No one can accuse Erik Davis of stating the obvious. At times it is difficult to work out what Davis is saying because he is grappling with concepts which are very new. Early on in your reading you have to decide if you want to indulge the author. It would be a pity if you abandon the quest, because some of the insights attained are worth considering and could alter the way you view this subject.

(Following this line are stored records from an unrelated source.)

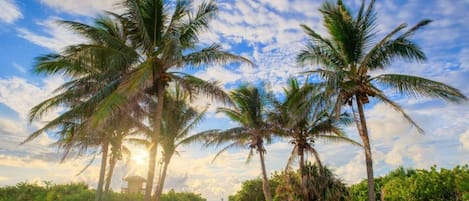 A pathway lined with palm trees and dense greenery, leading towards a structure in the distance.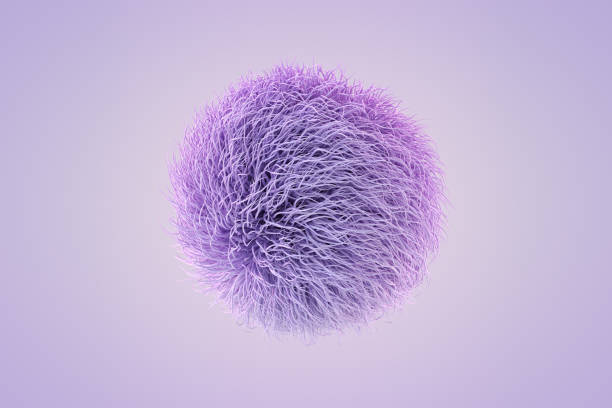Abstract Fluffy Hairy Ball 3d rendering of Abstract Fluffy Hairy Ball. hair on pillow stock pictures, royalty-free photos & images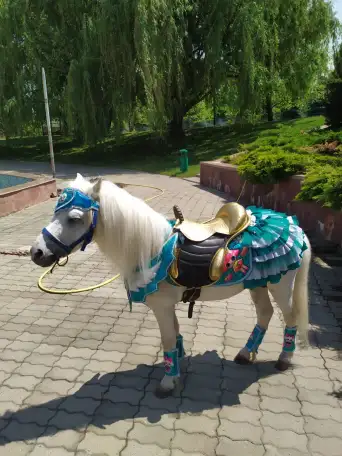 пони на Детский праздник, фотография 13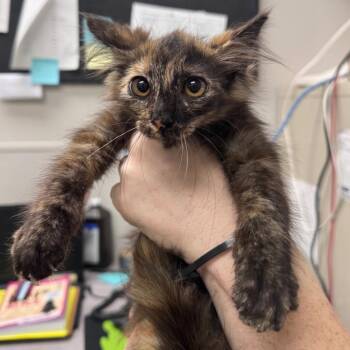 Delores -  Domestic Medium Hair Cat for Adoption in Columbiana, Alabama - Delores | PetCurious
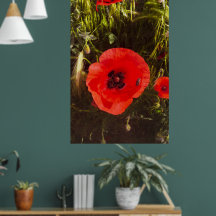 Florale Papaver Dromer – Botanische Fantasie Kunst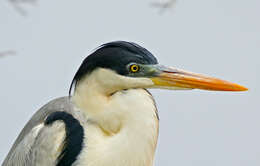 Image of Cocoi Heron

The subject matter “myth, magic and mysticism in the age of Information” is enough to make certain people retch. Davis argues that these ideas are behind our fascination with this technology and he attempts to put it all in an appropriate context. You may well end up rejecting the central ideas of the book but, like hearing a stimulating speaker, you will have been affected. I am not going to advise anyone to read the book because it reads like Wired after shock treatment. It would have to be a very mechanistic thinker who denied that what has happened with information technology over the last 50 years has left us untouched. It is relatively easy to see the sociological implications, but what else has happened to the way that we view the world, ourselves? Are we more isolated inside ourselves or are we more collective, one node in a growing universal consciousness?

No, this is not a book that is going to help you directly to teach physics or maths better, but it might give you a better understanding of the profound impact that this technology has made, is making, and will continue to make. Davis believes that a Gaian brain could be developing: “Boundaries dissolve, and we drift into the no-man’s zones between the synthetic and organic life, between actual and virtual environments, between local communities and global flows of goods, information, labour and capitalI the boundaries of our identity are mutating as well.” Parts are indigestible, but others open parts of your mind like an explosion and it remains the book that I will still be thinking about this time next year.